1. These appeals arise out of three suits to eject the defendant from the holdings in suit, the plaintiff's case being that the tenant who held the lands under them had no transferable interest in the same and abandoned the holdings after selling them to the defendant, and that the latter, therefore, had acquired no right under his purchase but was merely a trespasser on the land.
2. The defence was, that the defendant was a tenant and could not be ejected as a trespasser. Among other things, the defendant relied upon a decision in a proceeding under Section 106 of the Bengal Tenancy Act in his favour.
3. It appears that the defendant was entered in the Record of Rights as tenant of the lands and this was after the purchase of the holding by the defendant. The plaintiff thereupon brought a suit under Section 106 of the Bengal Tenancy Act for the correction of the entry, on the ground that the defendant was not a tenant. The Revenue Officer, under Section 106, decided that the defendant was a tenant and that the entry in the Record of Rights was correct.
4. Now, the present suit is based upon the ground that the defendant is not a tenant but a trespasser and is, therefore, liable to be ejected. As stated above, the question whether he was a tenant or not was directly raised and decided in the proceedings under Section 106. The Court below in the present case has held that the decision operated as res judicata.
5. The plaintiff has appealed to this Court, and has relied upon the case of Dharani Kanta Lahiri v. Gaber Ali Khan 30 C. 339 at p. 364 : 7 C.W.N. 33 where, at page 364 Page of 30C.--(Ed.), it is stated that, although the decision of the Revenue Officer under Section 105 (it was a case under Section 105) has the effect of a decree of a Civil Court under Section 107 of the Bengal Tenancy Act, it does not operate as res judicata under Section 13, Civil Procedure Code. It is to be observed that that was a decision under the Tenancy Act as it stood before the amendment of 1898.
6. Section 107 of the Bengal Tenancy Act provides that in all proceedings under Sections 105, 105A and 106, the Revenue Officer shall, subject to rules made by the Local Government under this Act, adopt the procedure laid down in the Code of Civil Procedure for the trial of suits, and his decision in every such proceeding shall have the force and decree of a Civil Court in a suit between the parties, and subject to the provisions of Sections 108 and 109A, shall be final.
7. Now, these words 'subject to the provisions of Sections 105 and 109A shall be final' were added by Act III B.C. of 1898. They were not in the section when the case of Dharani Kanta Lahiri v. Gaber Ali Khan 30 C. 339 at p. 364 : 7 C.W.N. 33 was decided. That is the ground upon which that case has been distinguished, by the Patna High Court in the case of Mahendra Narayan Ray v. Girish Chandra Kar 46 Ind. Cas. 125 : 3 P.L.J. 379. There it was pointed out that the words 'shall be final' were imported into Section 107 with a view to give finality to a decision arrived at by a Revenue Court or by the Special Judge on appeal.

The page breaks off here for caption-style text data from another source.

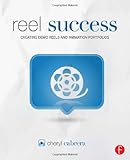 Reel Success: Creating Demo Reels and Animation Portfolios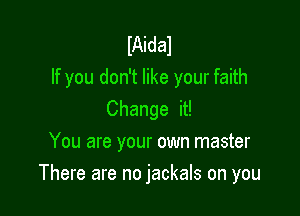 IAidal
If you don't like your faith
Change it!
You are your own master

There are no jackals on you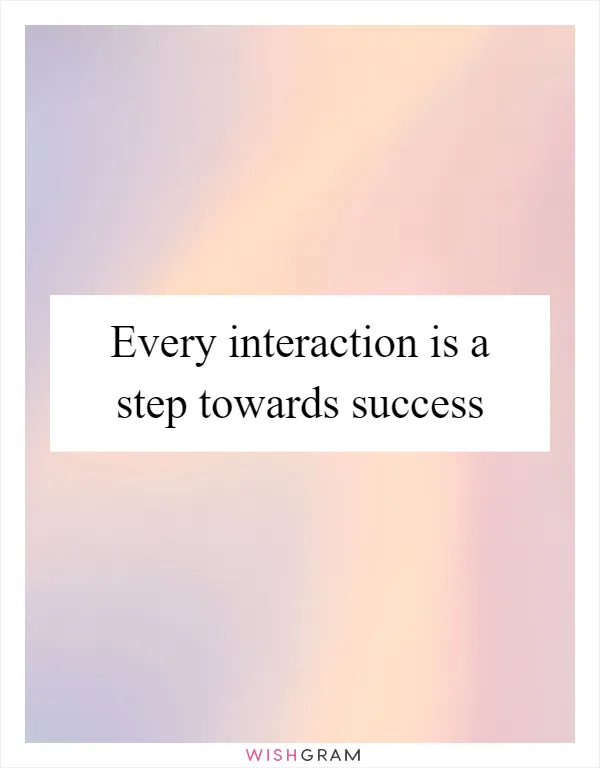 Every interaction is a step towards success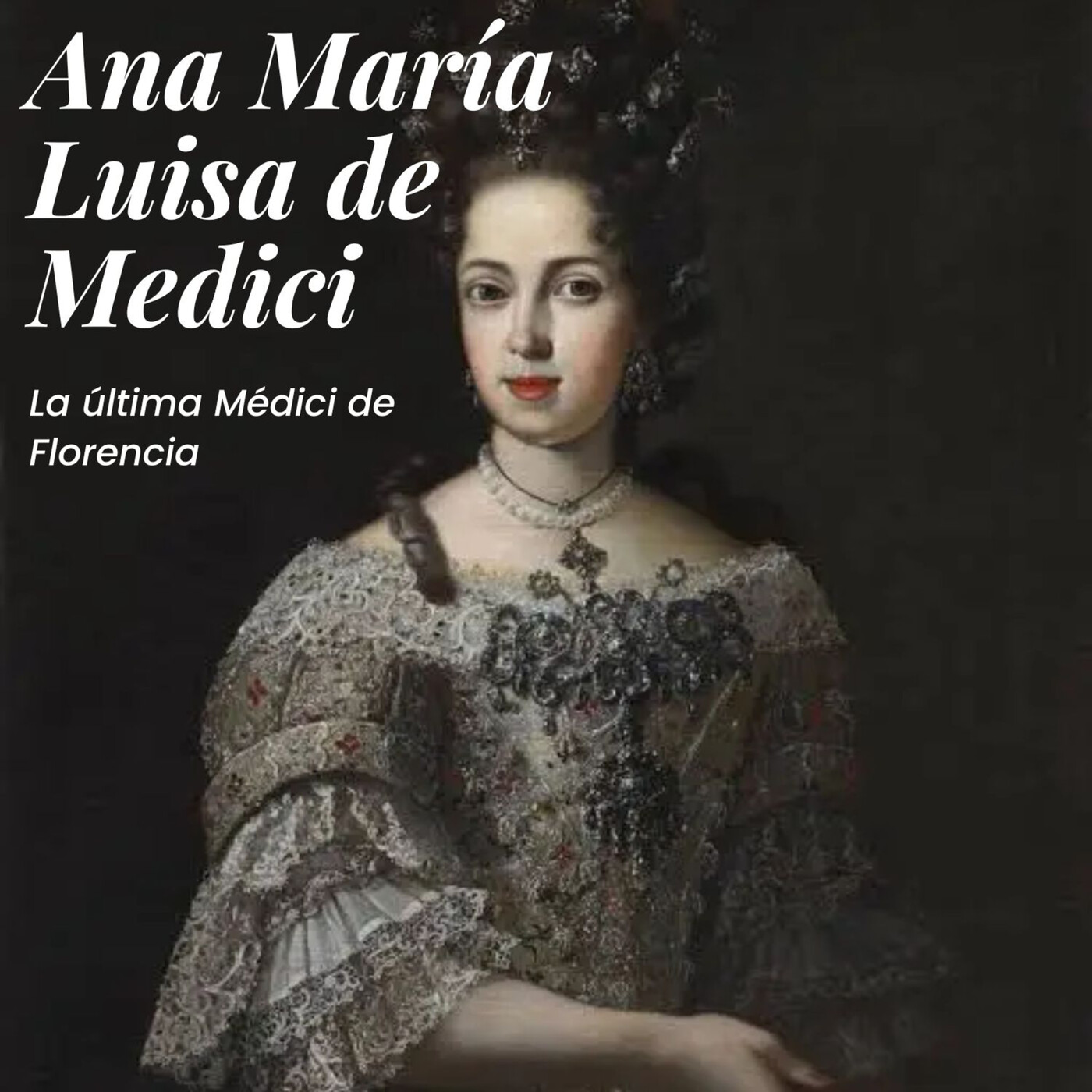 La última Medici: Ana María Luisa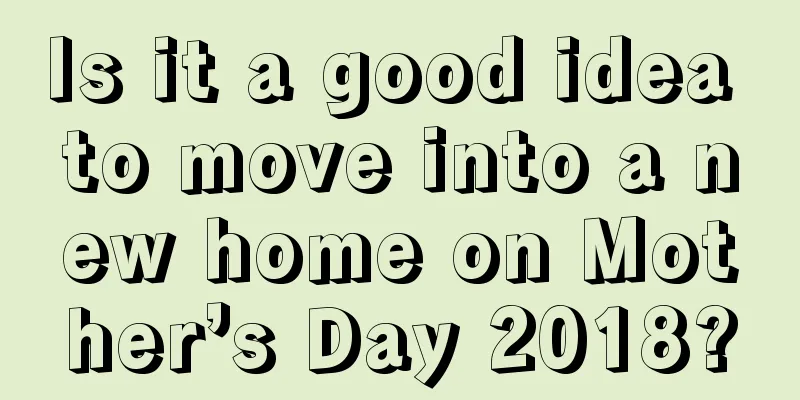 Is it a good idea to move into a new home on Mother’s Day 2018?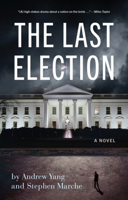 The Last Election 1636141501 Book Cover
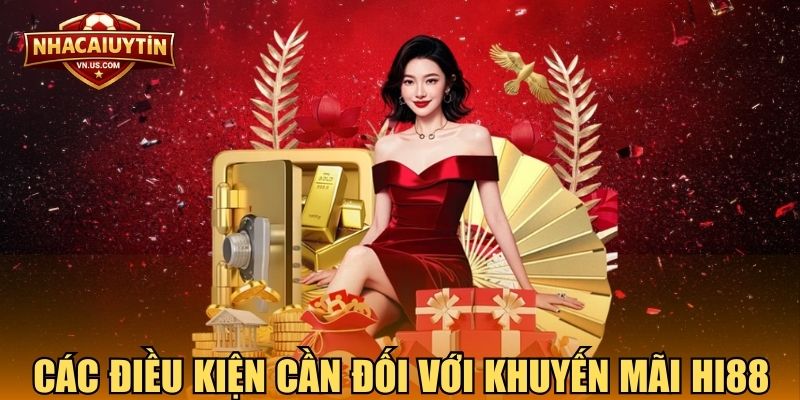 Các điều kiện cần đối với khuyến mãi HI88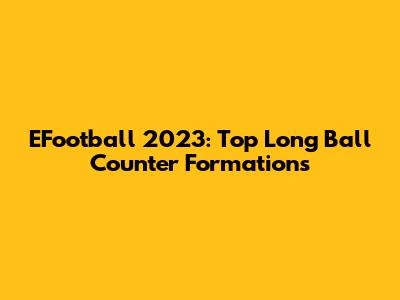 EFootball 2023: Top Long Ball Counter Formations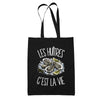 Tote Bag Noir Les huîtres c'est la vie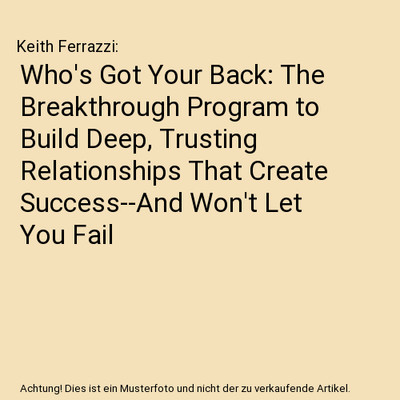 Who's Got Your Back: The Breakthrough Program to Build Deep, Trusting Relationsh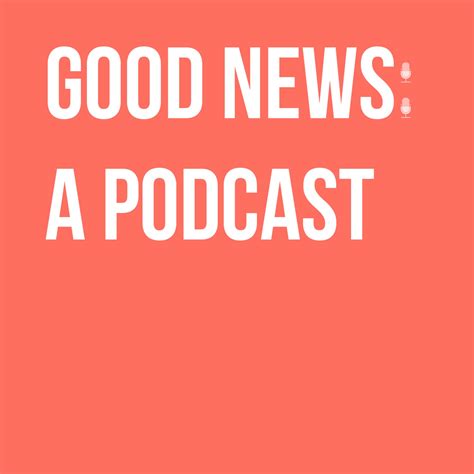 Good News A Podcast Listen Via Stitcher For Podcasts
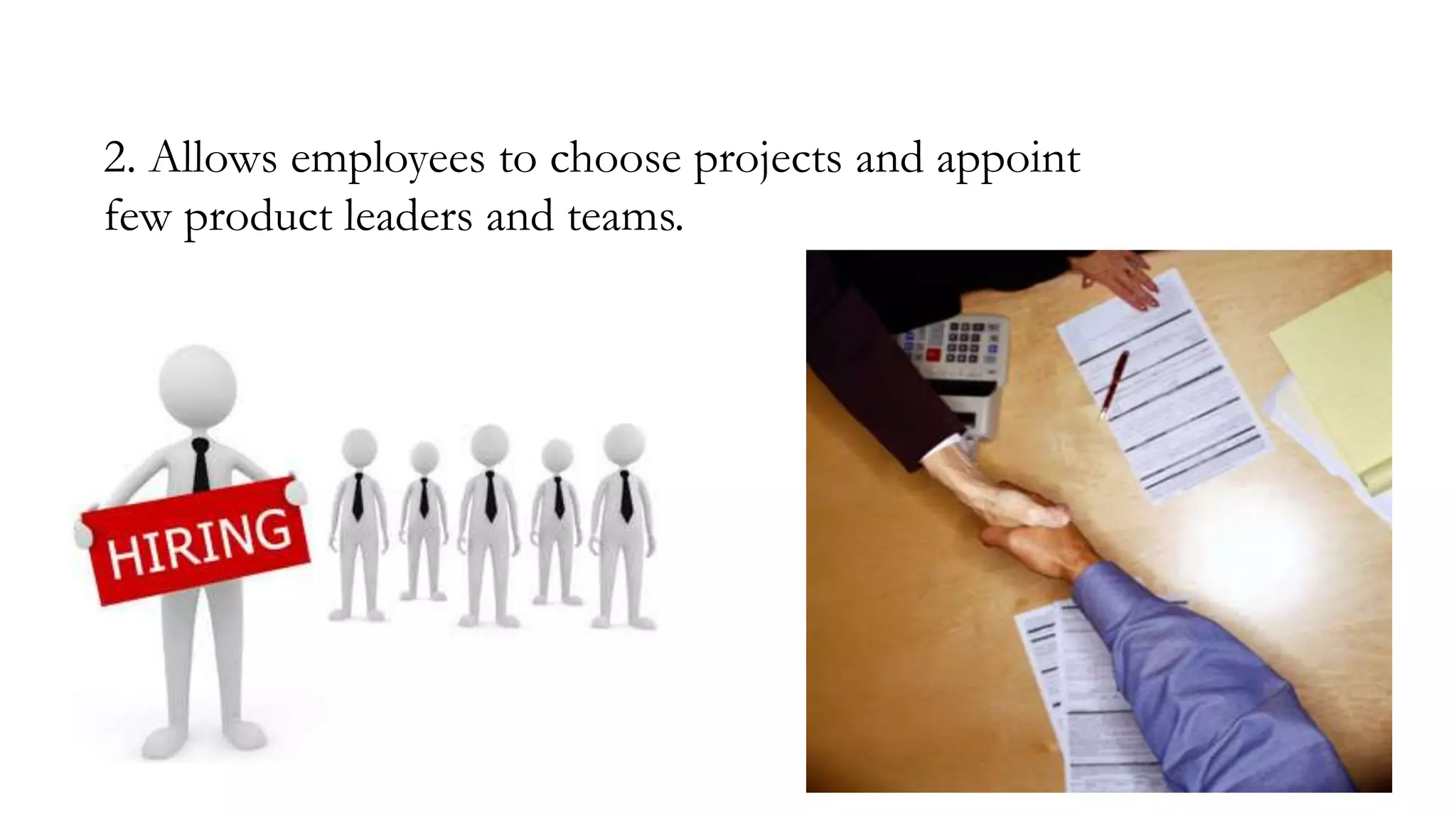 2. Allows employees to choose projects and appoint
few product leaders and teams.
 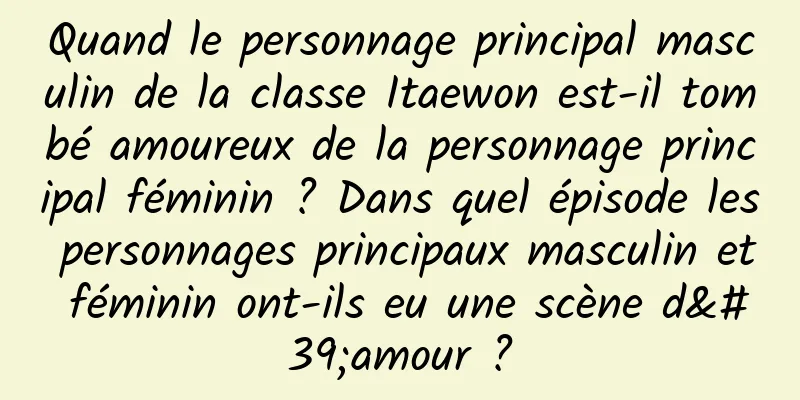 Quand le personnage principal masculin de la classe Itaewon est-il tombé amoureux de la personnage principal féminin ? Dans quel épisode les personnages principaux masculin et féminin ont-ils eu une scène d'amour ?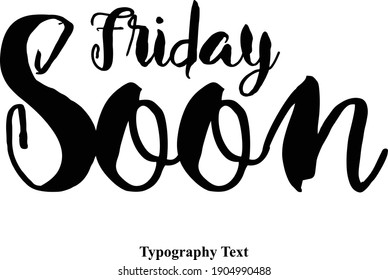 Friday Soon Calligraphy Black Color Text Positive Quote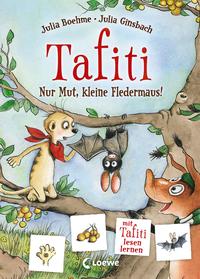 Vorderes Coverbild Tafiti - Nur Mut, kleine Fledermaus!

8. Then, Section 109 of the Bengal Tenancy Act lays down that, subject to the provisions of Section 109A, a Civil Court shall not entertain any application or suit concerning any matter which is or has already been the subject of an application made, sent, instituted or proceedings taken under Sections 105 to 108 (both inclusive).
9. There can be no doubt that the question whether there was a relation of landlord and tenant between the parties was a question which was within the jurisdiction of the Court of the Revenue Officer to decide under Section 106 of the Bengal Tenancy Act. In fact, the section clearly lays down that a dispute as to whether the relation of landlord and tenant exists may be decided by the Revenue Officer.
10. We may refer, to the case of Kamlanand Singh v. Pram Lal Ganesh 16 Ind. Cas. 935 : 16 C.L.J. 67 Second Appeal No. 539 of 1909 decided by Woodroffe and Carnduff, JJ., on the 20th February 1911) in which it was laid down that when proceedings have been taken before a Settlement Officer in respect of any matter under Section 106 of the Bengal Tenancy Act, a Civil Court is precluded from entertaining a suit concerning such matter.
11. Reference may also be made to the case of Sheodhani Pandev v. Bent Pershad Keori 16 Ind. Cas. 935 : 16 C.L.J. 67.
12. Apart from this, the Court below finds upon the evidence that the jama was transferable. The appeals accordingly fail and are dismissed without costs as the respondent does of appear.